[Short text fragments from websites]

· · ·

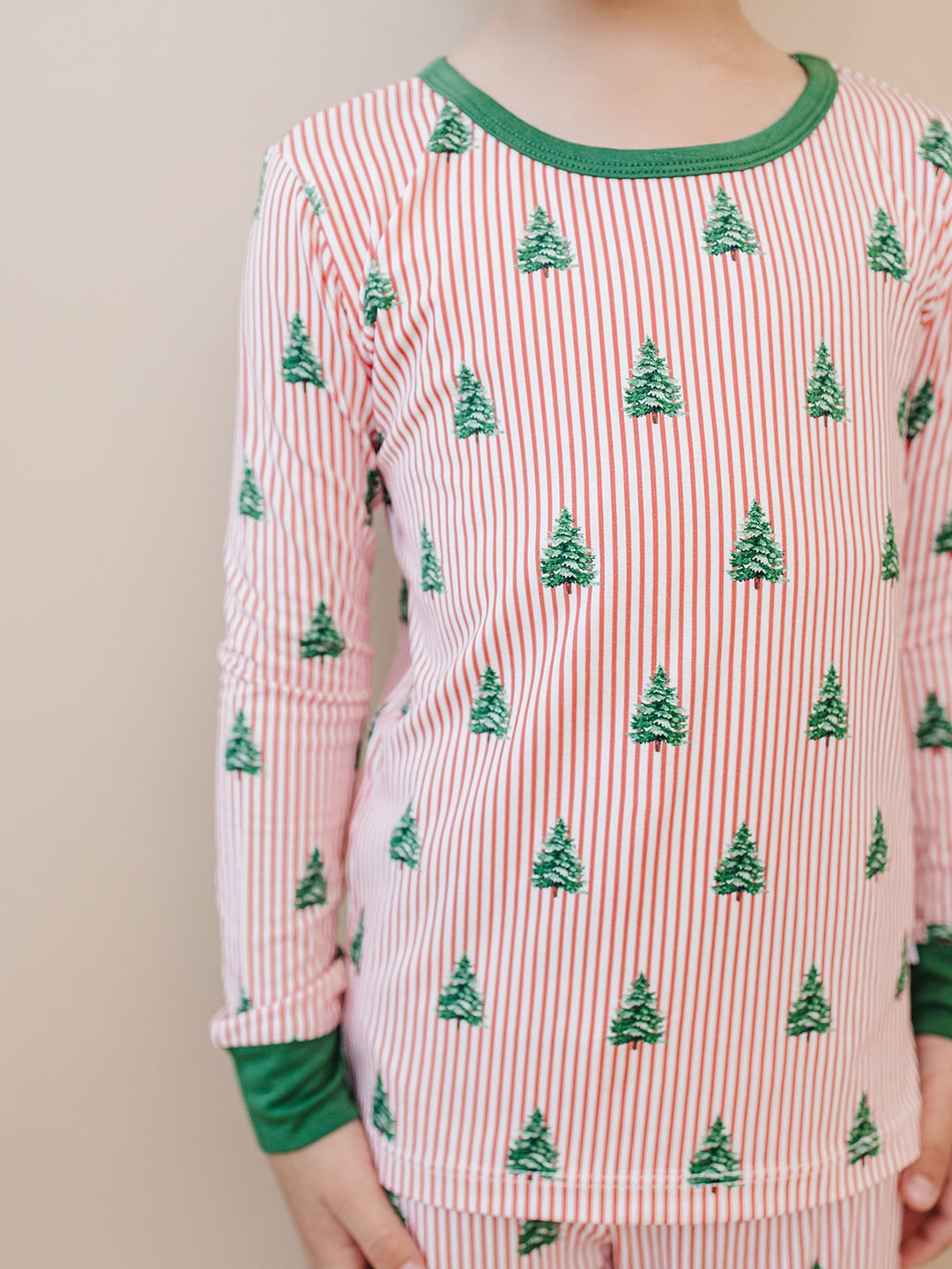 Close up of the Magical Trees pajama top with green Christmas trees, red and white stripes and green trim.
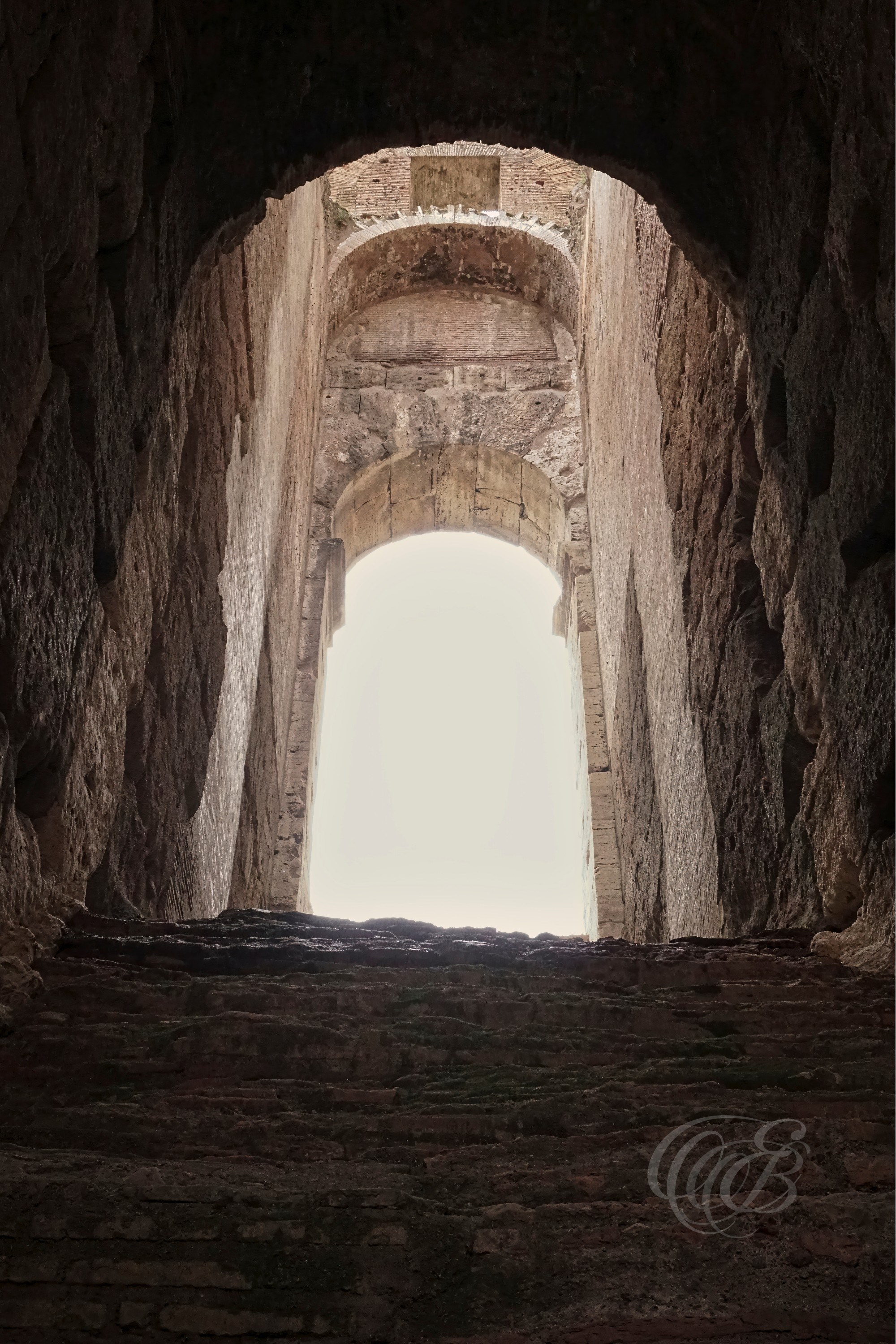 Rome, Italy — Upper Arches of the Colosseum — Eduardo Bartoli Photography — Photograph of upper-level arches within the Colosseum, historic Roman amphitheater showcasing ancient circulation routes and structural engineering in Rome, Italy — Rome, Italy — Upper Arches of the Colosseum — Eduardo Bartoli Photography.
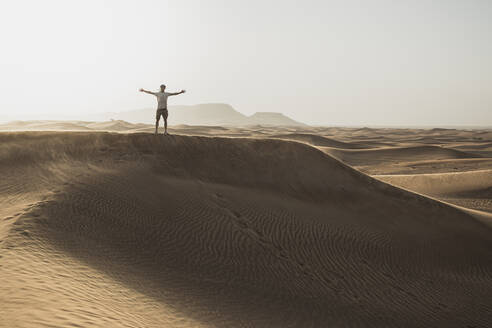 Mitteldistanz eines männlichen Touristen, der mit ausgestreckten Armen auf Sanddünen in der Wüste von Dubai, Vereinigte Arabische Emirate, steht - SNF00255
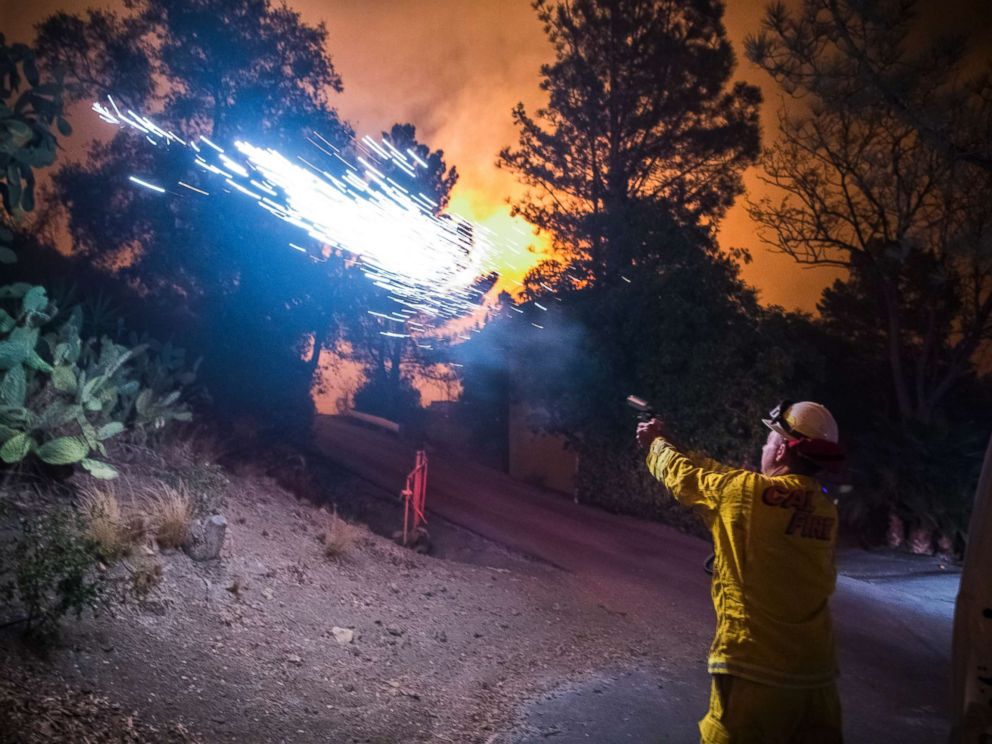 PHOTO: Cal Fire battalion chief and strike team leader Gino DeGraffenreid fires off flares to start a backburn to protect homes on Dec. 11, 2017 in Toro Canyon, Calif., at the Thomas Fire.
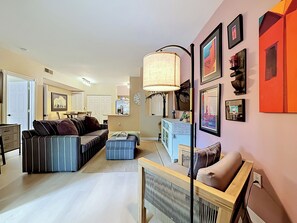 A living room with a sofa, ottoman, and a dining area with a table and chairs. - Clearwater Resort-Like Gulf Coast Beach Oasis (Clearwater)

· · ·

■ REQUIRED ACTION
Omit the pictures. Transcribe every record exactly.

■ OUTPUT OF THE TASK
 Close up of the Magical Trees pajama top with green Christmas trees, red and white stripes and green trim.
 Rome, Italy — Upper Arches of the Colosseum — Eduardo Bartoli Photography — Photograph of upper-level arches within the Colosseum, historic Roman amphitheater showcasing ancient circulation routes and structural engineering in Rome, Italy — Rome, Italy — Upper Arches of the Colosseum — Eduardo Bartoli Photography.
 Mitteldistanz eines männlichen Touristen, der mit ausgestreckten Armen auf Sanddünen in der Wüste von Dubai, Vereinigte Arabische Emirate, steht - SNF00255
 PHOTO: Cal Fire battalion chief and strike team leader Gino DeGraffenreid fires off flares to start a backburn to protect homes on Dec. 11, 2017 in Toro Canyon, Calif., at the Thomas Fire.
 A living room with a sofa, ottoman, and a dining area with a table and chairs. - Clearwater Resort-Like Gulf Coast Beach Oasis (Clearwater)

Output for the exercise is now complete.